WORK INSTRUCTION:
The lines below from the one with "Теперь приступаем к" up to and including the one with "Downtown Orlando, Fla., at" are what you should set down, exactly and without pictures.

INPUT DATA:
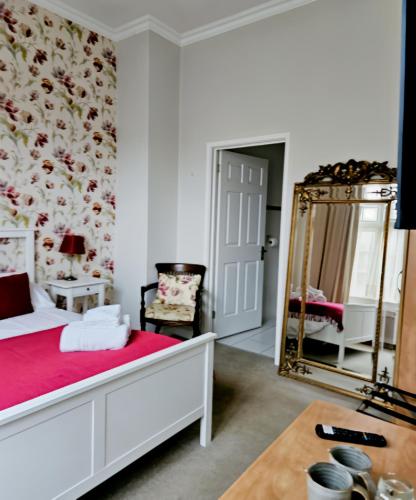 a bedroom with a bed and a mirror at The Coach House in Otterburn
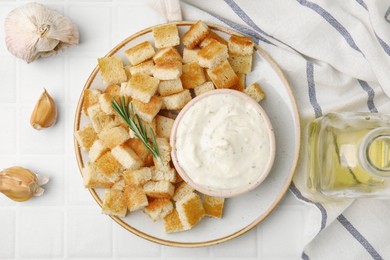 Photo of Delicious crispy croutons with rosemary and sauce on white tiled table, flat lay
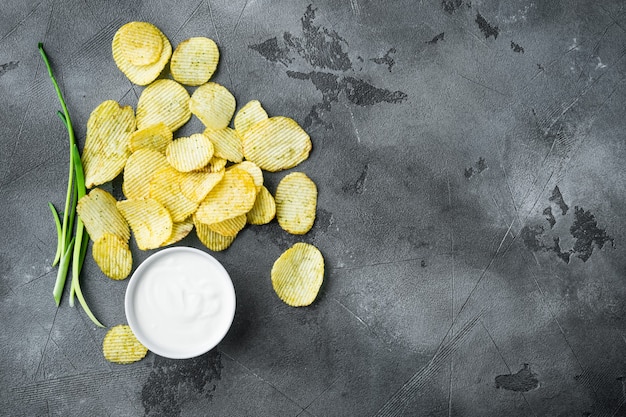 Potatoe chips set, with dipping sauces, on gray stone table, top view flat lay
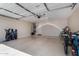 Spacious garage with epoxy flooring, ample storage and access door at 24806 W Hidalgo Dr, Buckeye, AZ 85326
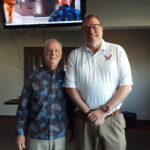 Two men standing side-by-side.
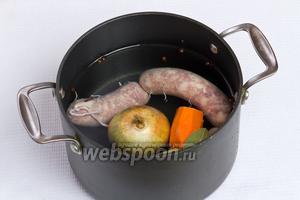 Теперь приступаем к приготовлению самого супа. Для этого кладём в кастрюлю колбасу, нечищенный лук, очищенную морковь, лавровые листы, гвоздику и перец горошком. Далее заливаем водой и варим 30 минут.
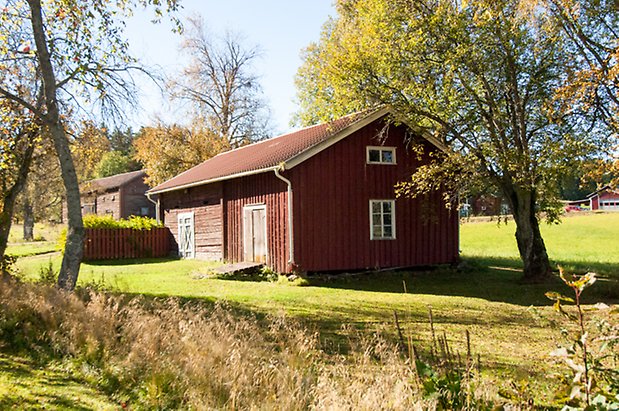 Fjäl 3:43. Byggnad i i röd panel med fönster med spröjs och två dubbelportar.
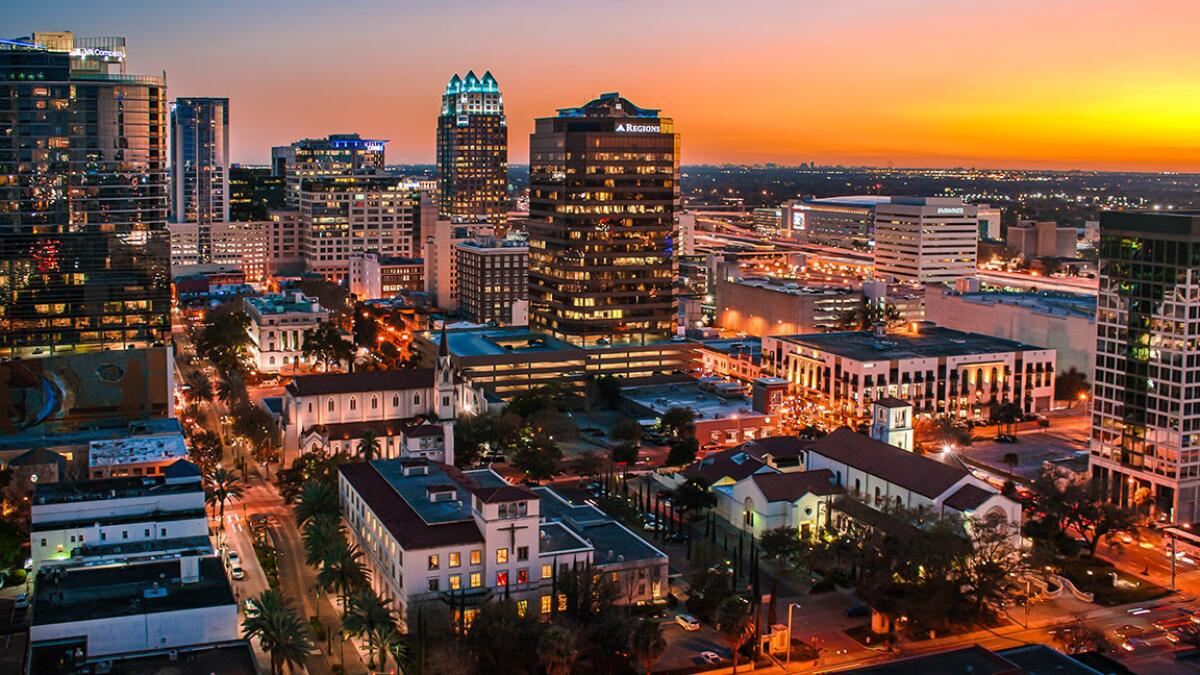 Downtown Orlando, Fla., at sunset. Delta and United are offering a $237 round trip from LAX through Nov. 3.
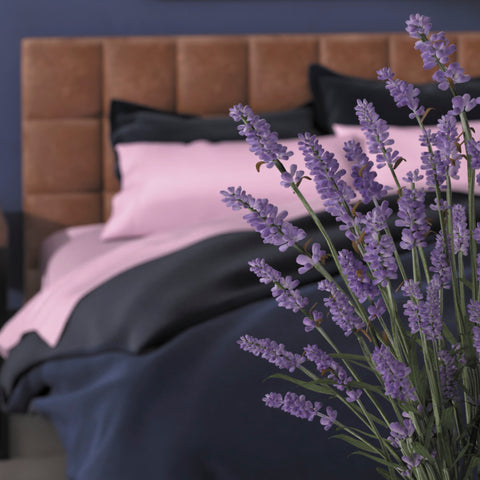 A PureCare Aromatherapy Total Encasement Mattress Protector with lavender flowers for total encasement and aromatherapy benefits.
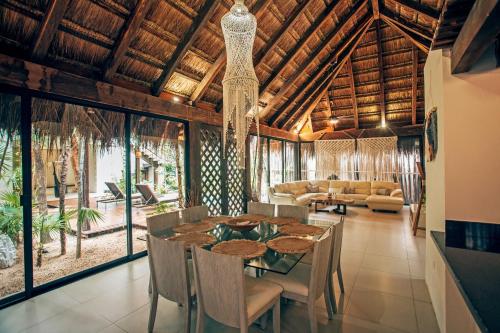 a dining room with a table and chairs at Orchid House Tulum in Tulum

EXERCISE RESPONSE:
 Теперь приступаем к приготовлению самого супа. Для этого кладём в кастрюлю колбасу, нечищенный лук, очищенную морковь, лавровые листы, гвоздику и перец горошком. Далее заливаем водой и варим 30 минут.
 Fjäl 3:43. Byggnad i i röd panel med fönster med spröjs och två dubbelportar.
 Downtown Orlando, Fla., at sunset. Delta and United are offering a $237 round trip from LAX through Nov. 3.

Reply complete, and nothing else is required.